What to work on:
With the pictures left out, please return exactly the line holding "Cinthia Adriely" and each following line until the entries end.

Data:
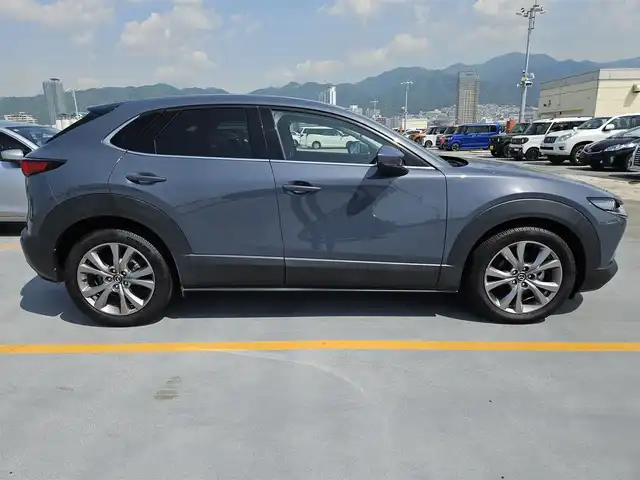 マツダ ＣＸ－３０ 20S プロアクティブツーリングセレ 香川県 2020(令2)年 5.4万km ポリメタルグレーM 純正8.8型ナビ(AM/FM/CD/DVD)/フルセグTV/パワーバックドア/360度ビューモニター/ビルトインETC/コムテックドライブレコーダー/全車速追従機能付レーダークルーズコントロール/パーキングセンサー/i-ACTIVSENSE/・スマートブレーキサポート/・AT誤発進抑制制御/・車線逸脱警報システム/・レーンキープアシスト/・ブラインドスポットモニタリング/・前後接近車両検知/・クルージングトラフィックサポート/・交通標識認識システム/アクティブドライビングディスプレイ/アダプティブLEDヘッドランプ/本革巻きステアリング/ステアリングヒーター/パドルシフト/前席シートヒーター/運転席パワーシート/純正18インチアルミホイール/アドバンストキーレスエントリーシステム/禁煙車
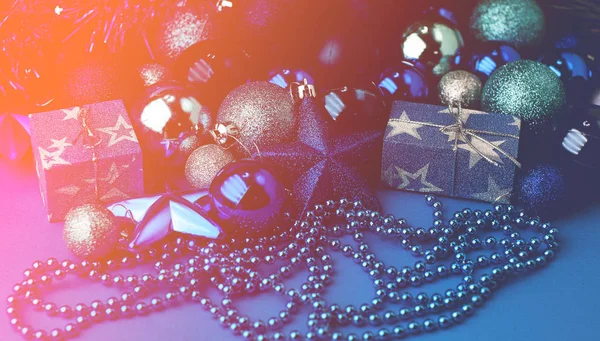 Natal fundo azul festivo, em que reside um monte de diff — Fotografia de Stock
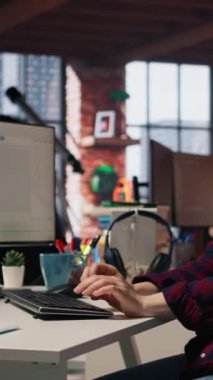 Bilgisayar monitörlerinde şirketin güvenlik açığını arayan dikey video başlatma siber güvenlik uzmanı. Yazılım geliştirme ajansı programcısı PC, kamera A 'ya güçlendirilmiş kod yüklüyor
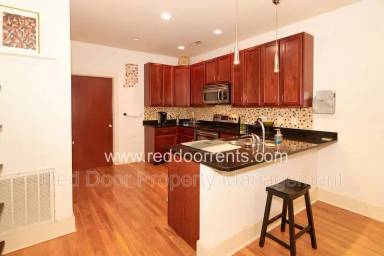 Main picture of 233 E Saint Joseph St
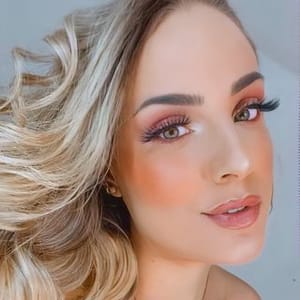 Cinthia Adriely
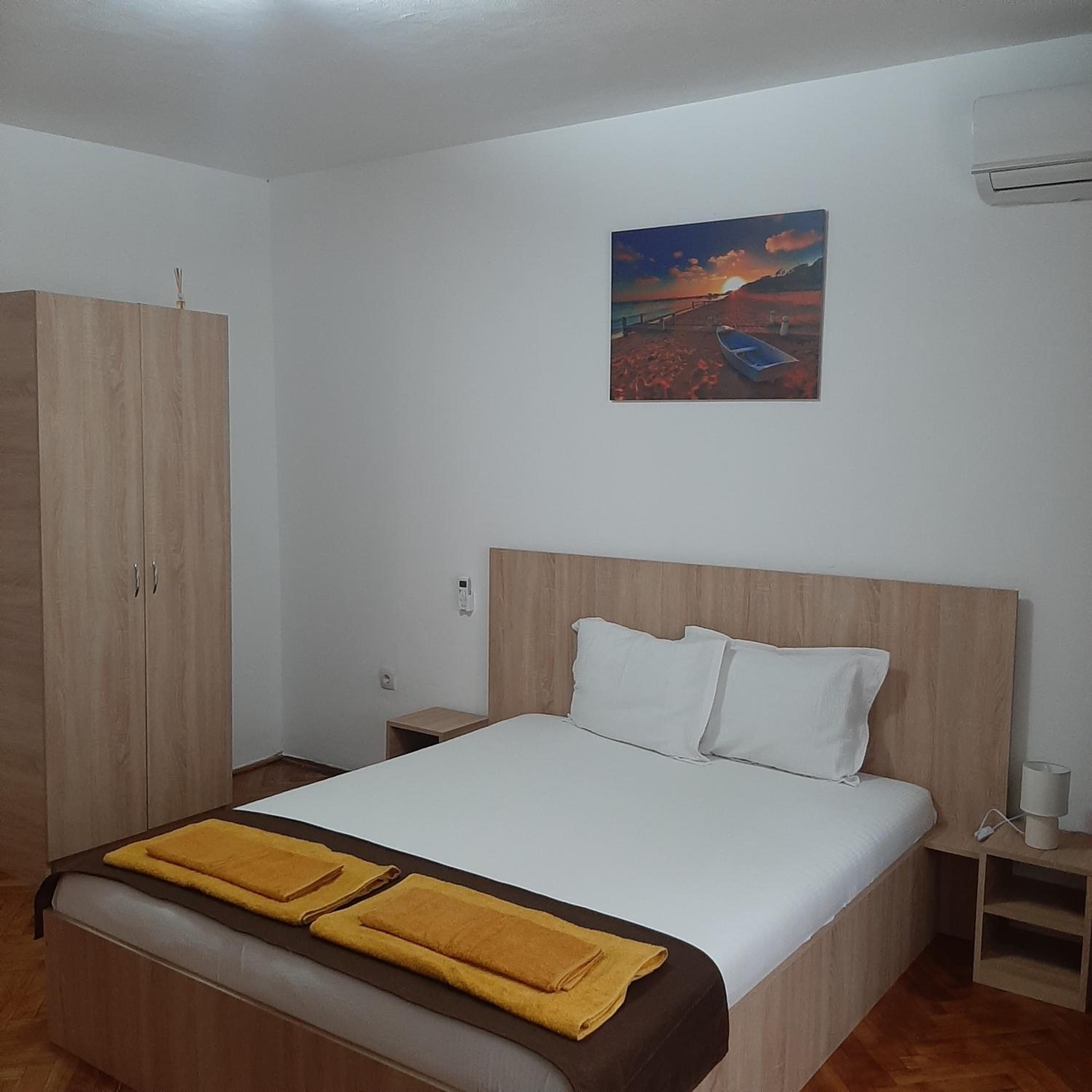 Double Room with Private External Bathroom photo 3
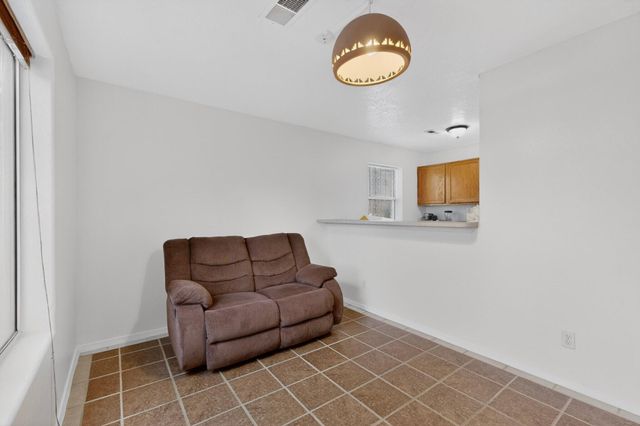 342 Sunset Farm Place SW, Albuquerque, NM 87105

Finished task:
 Cinthia Adriely
 Double Room with Private External Bathroom photo 3
 342 Sunset Farm Place SW, Albuquerque, NM 87105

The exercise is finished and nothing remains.